Data entries >>

□ □ □ □

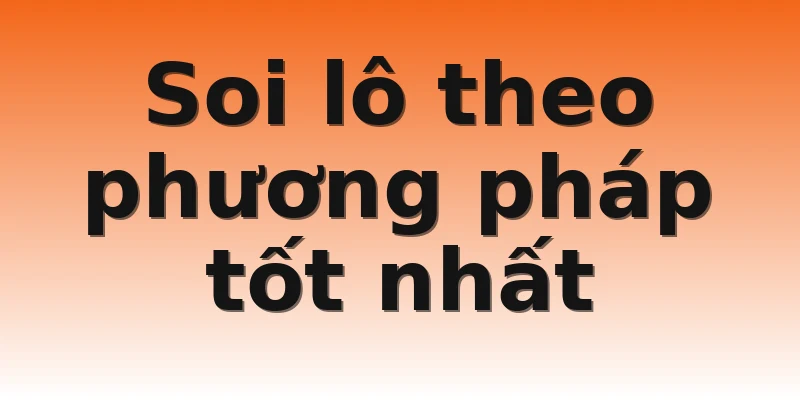 Soi lô theo phương pháp tốt nhất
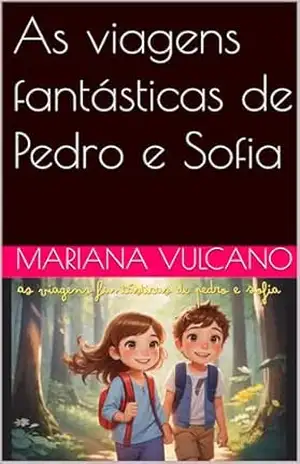 As viagens fantásticas de Pedro e Sofia - Mariana Vulcano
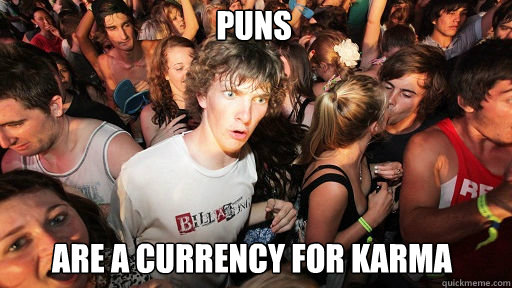 Puns
 are a currency for karma  Sudden Clarity Clarence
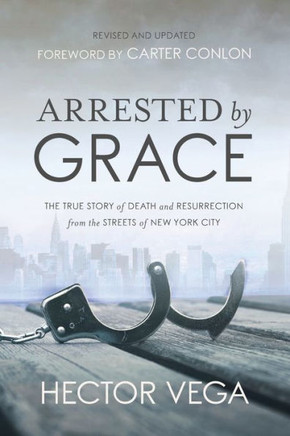 Arrested By Grace: The True Story Of Death And Resurrection From The Streets Of New York City
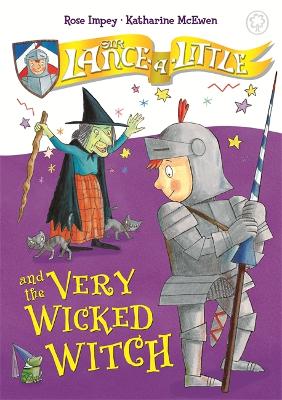 Book cover for Sir Lance-a-Little and the Very Wicked Witch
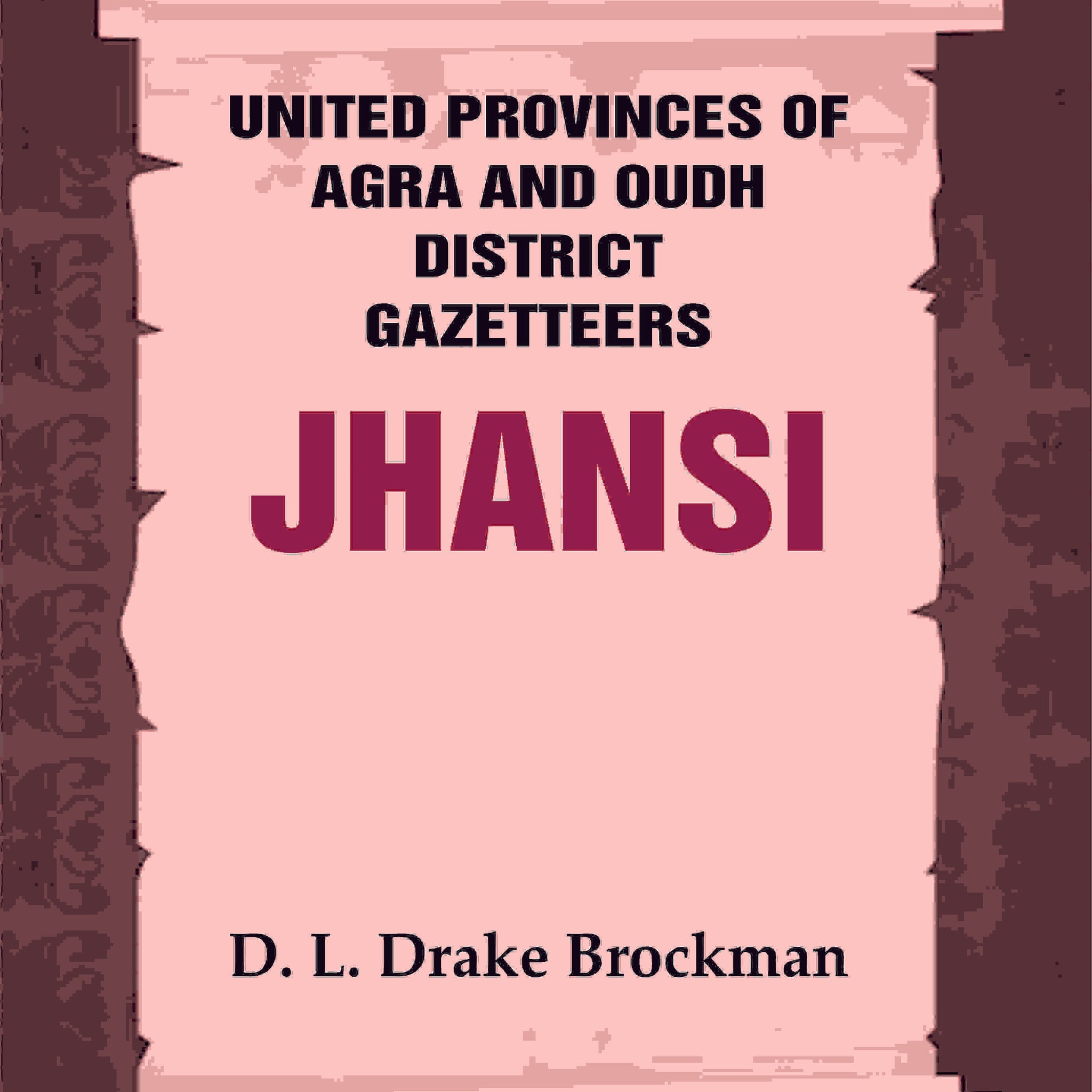United Provinces of Agra and Oudh District Gazetteers: Jhansi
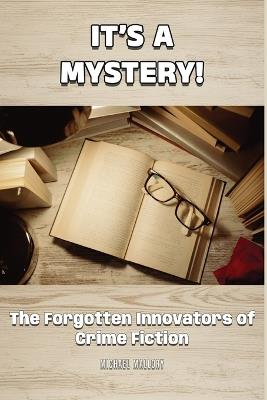 It's a Mystery! The Forgotten Innovators of Crime Fiction - Michael Mallory - cover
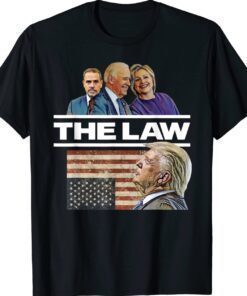 Joe Biden Hillary Clinton Above the Law Pro-Trump Shirt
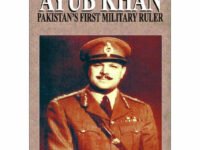 Ayub Khan Pakistan's First Military Ruler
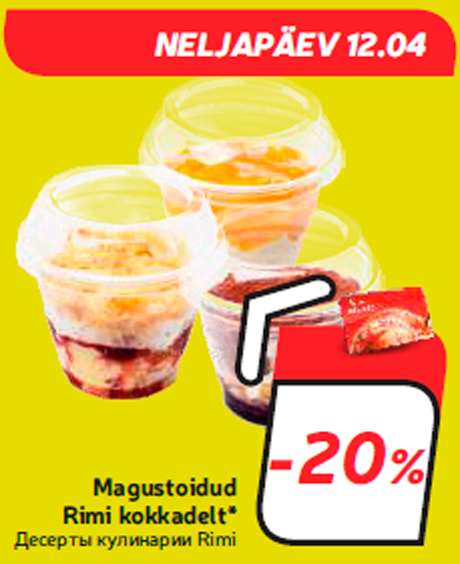 Magustoidud Rimi kokkadelt*  -20%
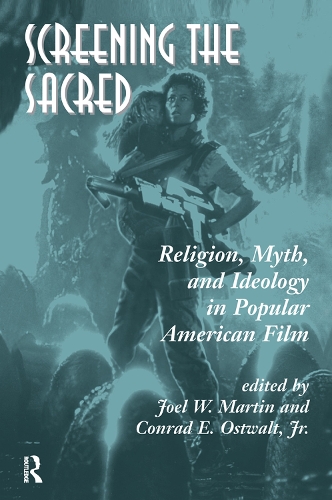 Бумажная книга «Screening The Sacred: Religion, Myth, And Ideology In Popular American Film», авторов Конрад Э. Оствальт мл., Джоэл Мартин - фото №1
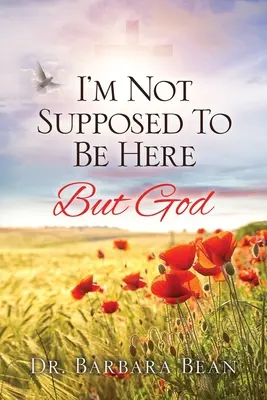 No Debería Estar Aquí: Pero Dios - I'm Not Supposed To Be Here: But God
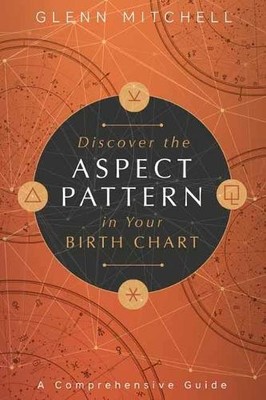Discover the Aspect Pattern in Your Birth Chart by Glenn Mitc... - 9780738762883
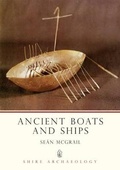 Cover: Ancient Boats and Ships - Shire Publications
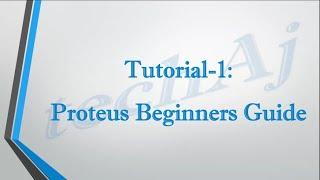 Proteus Beginners Guide Tutorial 1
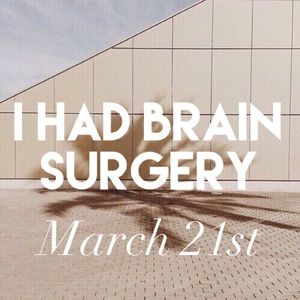 I HAD BRAIN SURGERY AND I’M RECOVERING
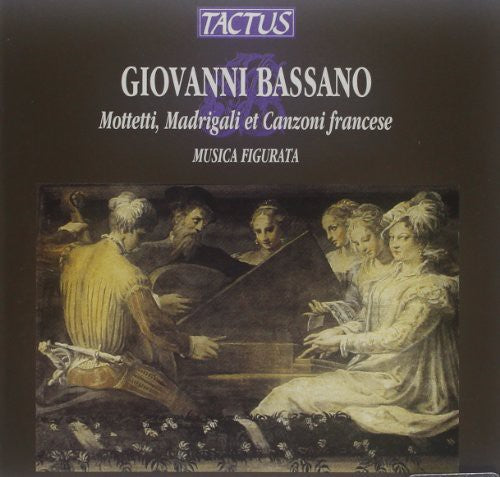 Bassono/ Musica Figurata/ Lorenzetti - Motets Madrigals & Canzoni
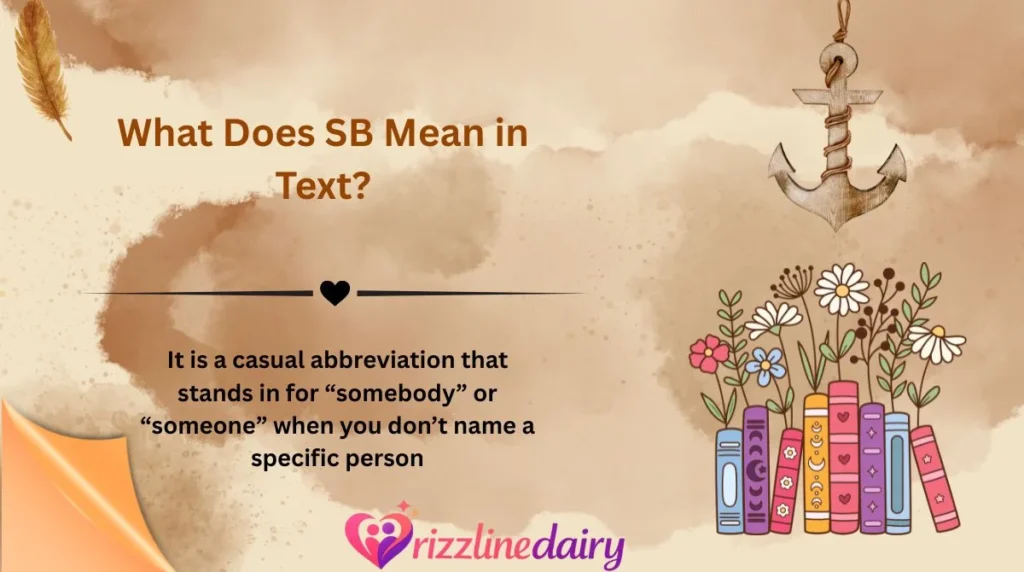 What Does SB Mean in Text?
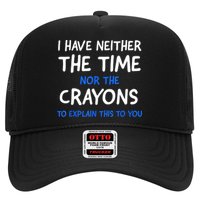 I Don't Have The Time Or The Crayons Funny Sarcasm Quote Trucker Hat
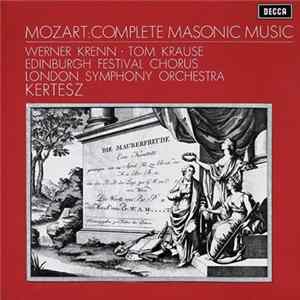 Mozart, Werner Krenn ∙ Tom Krause, Edinburgh Festival Chorus, London Symphony Orchestra, Kertesz - Complete Masonic Music flac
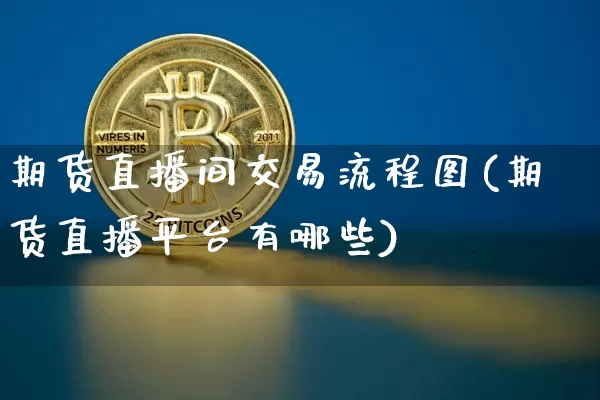 期货直播间交易流程图(期货直播平台有哪些)_https://www.lclxwz.com_上期能源_第1张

□ □ □ □

ASSIGNMENT >>
Each line of the data should be quoted exactly, with pictures left out.

RESULT >>
 Soi lô theo phương pháp tốt nhất
 As viagens fantásticas de Pedro e Sofia - Mariana Vulcano
 Puns
 are a currency for karma  Sudden Clarity Clarence
 Arrested By Grace: The True Story Of Death And Resurrection From The Streets Of New York City
 Book cover for Sir Lance-a-Little and the Very Wicked Witch
United Provinces of Agra and Oudh District Gazetteers: Jhansi
 It's a Mystery! The Forgotten Innovators of Crime Fiction - Michael Mallory - cover
 Joe Biden Hillary Clinton Above the Law Pro-Trump Shirt
 Ayub Khan Pakistan's First Military Ruler
 Magustoidud Rimi kokkadelt*  -20%
 Бумажная книга «Screening The Sacred: Religion, Myth, And Ideology In Popular American Film», авторов Конрад Э. Оствальт мл., Джоэл Мартин - фото №1
 No Debería Estar Aquí: Pero Dios - I'm Not Supposed To Be Here: But God
Discover the Aspect Pattern in Your Birth Chart by Glenn Mitc... - 9780738762883
 Cover: Ancient Boats and Ships - Shire Publications
 Proteus Beginners Guide Tutorial 1
 I HAD BRAIN SURGERY AND I’M RECOVERING
 Bassono/ Musica Figurata/ Lorenzetti - Motets Madrigals & Canzoni
 What Does SB Mean in Text?
 I Don't Have The Time Or The Crayons Funny Sarcasm Quote Trucker Hat
 Mozart, Werner Krenn ∙ Tom Krause, Edinburgh Festival Chorus, London Symphony Orchestra, Kertesz - Complete Masonic Music flac
 期货直播间交易流程图(期货直播平台有哪些)_https://www.lclxwz.com_上期能源_第1张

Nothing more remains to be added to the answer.